On top of the personal benefits of subrogation, insurance companies that practice subrogation are actually more successful. The money the insurance company recovers through subrogation are pure profit, meaning the company performs way higher than competitors who do not practice subrogation. A more successful and profitable insurance company means lower insurance premiums for you, the customer.
Subrogation With Disputed Fault
If there is shared fault or the at-fault party is clear, your insurance company may still practice subrogation. Your insurance company will still process your claim as usual and investigate the incident. They will file a subrogation claim with the other party’s insurance company and may recover all or some of the costs they paid. If they are able to recover some of the costs through subrogation, then you may receive some of your deductible back.

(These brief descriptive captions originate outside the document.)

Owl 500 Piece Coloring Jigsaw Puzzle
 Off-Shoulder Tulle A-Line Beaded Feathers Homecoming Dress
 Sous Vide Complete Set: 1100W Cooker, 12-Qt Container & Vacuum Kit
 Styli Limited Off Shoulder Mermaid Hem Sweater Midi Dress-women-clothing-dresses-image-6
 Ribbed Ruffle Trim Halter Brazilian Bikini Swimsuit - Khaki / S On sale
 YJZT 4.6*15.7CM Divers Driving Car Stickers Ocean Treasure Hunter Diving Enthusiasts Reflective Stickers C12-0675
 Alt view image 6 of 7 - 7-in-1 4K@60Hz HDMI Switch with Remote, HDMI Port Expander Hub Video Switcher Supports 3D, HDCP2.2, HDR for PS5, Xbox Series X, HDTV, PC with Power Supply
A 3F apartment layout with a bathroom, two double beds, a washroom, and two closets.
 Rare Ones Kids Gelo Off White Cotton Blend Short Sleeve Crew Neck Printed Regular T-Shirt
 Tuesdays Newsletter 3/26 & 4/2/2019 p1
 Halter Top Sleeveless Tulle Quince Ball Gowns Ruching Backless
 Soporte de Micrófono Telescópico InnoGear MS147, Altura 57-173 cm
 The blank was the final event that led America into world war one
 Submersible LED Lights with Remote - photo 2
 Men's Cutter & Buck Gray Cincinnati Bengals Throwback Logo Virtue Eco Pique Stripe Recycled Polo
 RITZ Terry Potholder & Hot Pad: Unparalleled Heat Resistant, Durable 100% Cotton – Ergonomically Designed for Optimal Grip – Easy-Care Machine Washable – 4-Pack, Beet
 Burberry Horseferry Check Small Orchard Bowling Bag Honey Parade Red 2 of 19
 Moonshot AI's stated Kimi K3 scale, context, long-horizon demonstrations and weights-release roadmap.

Whether subrogation occurs through shared fault or not will depend on the state laws for fault. Shared liability states will allow subrogation to occur if the person has only some fault in the accident.
Waivers of Subrogation
If you pursue legal action following an accident or you and the other party are negotiating a settlement, one of the conditions of settlement may be a waiver of subrogation. This means that you and the other party are coming to an agreement to cover your losses, and your insurance company cannot pursue a subrogation claim on your behalf on top of that settlement.
If you are pursuing legal action following an injury or accident, then you need to notify your insurance company of that fact. This will mean you may not be compensated as quickly as if you filed an insurance claim and your insurer pursued subrogation, but you will still receive compensation.